Reflection on the figures of the shepherds and the wise men
Here’s a reflection I was asked to write for an Advent vocation discernment Zoom meeting on the theme of Shepherds + Wise Men.
The Shepherds + Wise Men (Compass in Advent - 18/12/20)
Each group, in its own way and in its own context, responded to a call from God. We find the story of of the Shepherds in Lk 2 and the Wise Men in Mt 2.
The Shepherds (Lk 2:8-20)
It was not the most trusted profession, so why are they reported as being the first to witness the birth of this Saviour?
They were considered unclean and outside the law, not the poorest of the poor, but certainly mistrusted, sometimes making use of other people’s land to graze their sheep.
But, as such, they chime well with Luke’s emphasis in his Gospel, where Jesus states that he came to save outcasts and sinners, people on the peripheries, as Pope Francis would say, people who would have been relatively uneducated. And yet, God saw something in them that he could work with.
For those who may feel that God is calling them to a specific vocation in life, whatever that may be, we might feel initially “Why me? What does God see in me? I’m no better a person than anyone else.” But, maybe God sees something in us, a spark that could one day ignite into a flame, a potential passion that could be put to his purpose. Think of St. Paul… his skill at tracking down and trapping followers of Jesus and how that skill got flipped into one for catching a different kind of fish in a different way. He seemed to have a skill for reading people and being able to pitch his preaching and communication appropriately, but he was initially nobody’s idea of the ideal apostle.
Back to the shepherds… Another interpretation of their presence in Luke’s Gospel notes that many of the flocks near Bethlehem, which is only six miles from Jerusalem, were intended for temple sacrifices, in which case one can see in the shepherds an entirely different symbolism. Jesus came as the Lamb of God, to die for the sins of the world, and it would seem it was to the keepers of temple flocks that his birth was first announced, asking them to bear witness to the birth of a very special lamb of sacrifice. Symbolically, Jesus became another lamb added to their flock.
The Jewish Mishnah text suggests that not only were such flocks kept near Jerusalem to provide lambs for Temple sacrifice, but that the shepherds who tended the flocks may have been priests themselves, or the very least employed by the priests to tend their flocks on priestly land.

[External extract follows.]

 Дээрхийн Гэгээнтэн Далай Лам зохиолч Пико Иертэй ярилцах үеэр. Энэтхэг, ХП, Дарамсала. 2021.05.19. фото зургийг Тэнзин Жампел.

Oh, and by the way, what happened to the sheep that the shepherds abandoned in the fields? Who knows! But, their response to the angel’s message seems to have been instant and unflinching. They had been keeping guard over their sheep, but such was their trust in the angel - whom they instinctively interpreted as being sent by the Lord - that they simply abandoned their duty and went down to Bethlehem.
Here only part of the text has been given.